Lydia R. Otero is a Chicanx/Latinx historian and author. They are known for their work on marginalized communities in Arizona.

==Education and career==
Otero was born in Tucson in 1955 and lived there until graduating from high school in 1973. Otero received a bachelor's degree in 1992 and a master's degree in 1995 from California State University, Los Angeles (CSULA). In 2003 they earned a Ph.D. from the University of Arizona. Otero was a tenured professor in the Department of Mexican American Studies Department at the University of Arizona (2003-2020).

== Academic work ==
Otero is known for their work on ethnic studies, latinx urbanization and placemaking in latinx communities. In the 1980s Otero was president of Gay and Lesbian Latinos Unidos and Lesbianas Unidas, politically active groups in California. Otero has participated in local activism to remind people about Tucson's past and connection to Mexico, and examined the impact on people living in neighborhoods targeted for urban renewal. In 2010, their book La Calle: Spatial Conflicts and Urban Renewal in a Southwestern City focused on an urban renewal project in Tucson, Arizona which targeted the most densely populated eighty acres in the state and the changes that occurred during the project. The book received a 2011 Southwest Book Award from the Border Regional Library Association, and was reviewed by multiple scholarly publications. In 2019 their book, In the Shadows of The Freeway: Growing Up Brown & Queer, combined personal memoir and family history with historical archives. In 2021, the Pima County Library selected the book as one of their annual 44th "Southwest Books of the Year", and the book was reviewed by the Los Angeles Review of Books and the Journal of Arizona History.

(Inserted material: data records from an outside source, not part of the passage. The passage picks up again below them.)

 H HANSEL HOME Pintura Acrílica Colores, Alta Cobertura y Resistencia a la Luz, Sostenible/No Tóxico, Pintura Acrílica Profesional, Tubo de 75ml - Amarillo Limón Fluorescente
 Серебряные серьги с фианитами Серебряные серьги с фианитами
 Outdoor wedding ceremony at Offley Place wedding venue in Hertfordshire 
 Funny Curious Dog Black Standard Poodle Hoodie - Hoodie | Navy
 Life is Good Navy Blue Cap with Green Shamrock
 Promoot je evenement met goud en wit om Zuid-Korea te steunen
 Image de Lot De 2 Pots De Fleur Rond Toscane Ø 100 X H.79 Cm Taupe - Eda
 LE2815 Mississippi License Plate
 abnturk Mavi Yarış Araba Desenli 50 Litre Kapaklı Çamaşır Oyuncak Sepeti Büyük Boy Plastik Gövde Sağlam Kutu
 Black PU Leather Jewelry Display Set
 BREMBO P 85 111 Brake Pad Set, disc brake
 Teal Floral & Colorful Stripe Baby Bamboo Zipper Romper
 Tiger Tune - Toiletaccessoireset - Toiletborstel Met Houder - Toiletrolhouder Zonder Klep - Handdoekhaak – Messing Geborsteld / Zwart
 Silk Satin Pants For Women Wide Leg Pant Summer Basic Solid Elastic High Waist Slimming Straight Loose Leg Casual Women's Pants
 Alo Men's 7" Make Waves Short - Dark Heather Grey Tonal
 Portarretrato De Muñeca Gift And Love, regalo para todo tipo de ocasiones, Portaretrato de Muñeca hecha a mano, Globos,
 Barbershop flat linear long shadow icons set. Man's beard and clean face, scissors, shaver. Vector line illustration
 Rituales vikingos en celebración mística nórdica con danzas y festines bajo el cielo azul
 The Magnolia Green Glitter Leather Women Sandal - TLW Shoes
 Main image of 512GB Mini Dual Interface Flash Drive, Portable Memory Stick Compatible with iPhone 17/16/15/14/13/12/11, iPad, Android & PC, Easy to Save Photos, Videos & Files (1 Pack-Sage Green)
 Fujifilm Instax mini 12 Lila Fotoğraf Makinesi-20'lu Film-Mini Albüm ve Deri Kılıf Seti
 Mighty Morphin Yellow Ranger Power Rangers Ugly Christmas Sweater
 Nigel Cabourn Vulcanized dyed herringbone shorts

== Selected publications ==
- Otero, Lydia R. (2010). "La calle : spatial conflicts and urban renewal in a southwest city"
- Otero, Lydia R. (2019). "In the shadows of the freeway : growing up brown & queer"
- Otero, Lydia R. (2011). "Notes from the Ethnic Studies home front: student protests, texting, and subtexts of oppression"

== Awards and honors ==
In 2019, Arizona’s César E. Chávez Holiday Coalition awarded Otero the "'Sí se puede' Legacy Award" for their activism and scholarship focusing on bringing awareness to the history of Arizona and Mexican Americans. In 2021, Otero was named a distinguished lecturer by the Organization of American Historians.